• **What to work on**: The lines to retype are the one with "Certified 2023 Volvo" and all that follow it to the end of the entries below; copy them exactly and nothing else.

• **Web page caption snippets**:

= Beginning of Section =

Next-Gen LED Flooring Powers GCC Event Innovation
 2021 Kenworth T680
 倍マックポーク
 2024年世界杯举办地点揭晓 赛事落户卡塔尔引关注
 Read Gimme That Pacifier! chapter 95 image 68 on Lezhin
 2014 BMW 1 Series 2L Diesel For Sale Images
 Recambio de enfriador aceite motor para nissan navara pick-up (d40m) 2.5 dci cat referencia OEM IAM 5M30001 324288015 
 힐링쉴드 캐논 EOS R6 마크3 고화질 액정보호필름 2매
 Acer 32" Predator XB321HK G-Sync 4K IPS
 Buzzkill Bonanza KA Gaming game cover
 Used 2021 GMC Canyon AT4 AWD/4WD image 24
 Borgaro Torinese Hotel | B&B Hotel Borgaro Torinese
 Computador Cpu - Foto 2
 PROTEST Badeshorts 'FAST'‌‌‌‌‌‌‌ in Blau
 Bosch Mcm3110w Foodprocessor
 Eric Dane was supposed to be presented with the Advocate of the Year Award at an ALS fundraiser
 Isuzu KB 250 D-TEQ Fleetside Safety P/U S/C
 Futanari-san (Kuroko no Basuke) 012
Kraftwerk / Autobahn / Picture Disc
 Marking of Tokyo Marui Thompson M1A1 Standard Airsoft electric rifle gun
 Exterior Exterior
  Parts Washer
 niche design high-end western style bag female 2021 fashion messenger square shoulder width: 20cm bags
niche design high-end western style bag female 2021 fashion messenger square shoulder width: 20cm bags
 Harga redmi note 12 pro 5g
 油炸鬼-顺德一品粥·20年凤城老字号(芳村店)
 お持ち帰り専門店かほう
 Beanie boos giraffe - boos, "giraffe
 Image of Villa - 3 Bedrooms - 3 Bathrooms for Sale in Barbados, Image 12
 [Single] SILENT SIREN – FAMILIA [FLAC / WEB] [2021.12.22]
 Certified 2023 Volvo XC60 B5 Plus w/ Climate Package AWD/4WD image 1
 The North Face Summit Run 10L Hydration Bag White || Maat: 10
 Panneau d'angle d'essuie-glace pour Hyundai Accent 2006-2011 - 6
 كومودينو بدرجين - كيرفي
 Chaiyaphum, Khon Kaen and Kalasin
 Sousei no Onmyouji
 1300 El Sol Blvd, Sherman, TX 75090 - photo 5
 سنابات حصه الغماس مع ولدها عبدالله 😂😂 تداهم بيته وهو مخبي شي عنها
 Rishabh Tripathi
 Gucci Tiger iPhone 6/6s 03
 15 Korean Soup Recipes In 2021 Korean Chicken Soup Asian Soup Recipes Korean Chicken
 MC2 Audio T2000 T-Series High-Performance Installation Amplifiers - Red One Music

= End of Section =

• **Task response**:
 Certified 2023 Volvo XC60 B5 Plus w/ Climate Package AWD/4WD image 1
 The North Face Summit Run 10L Hydration Bag White || Maat: 10
 Panneau d'angle d'essuie-glace pour Hyundai Accent 2006-2011 - 6
 كومودينو بدرجين - كيرفي
 Chaiyaphum, Khon Kaen and Kalasin
 Sousei no Onmyouji
 1300 El Sol Blvd, Sherman, TX 75090 - photo 5
 سنابات حصه الغماس مع ولدها عبدالله 😂😂 تداهم بيته وهو مخبي شي عنها
 Rishabh Tripathi
 Gucci Tiger iPhone 6/6s 03
 15 Korean Soup Recipes In 2021 Korean Chicken Soup Asian Soup Recipes Korean Chicken
 MC2 Audio T2000 T-Series High-Performance Installation Amplifiers - Red One Music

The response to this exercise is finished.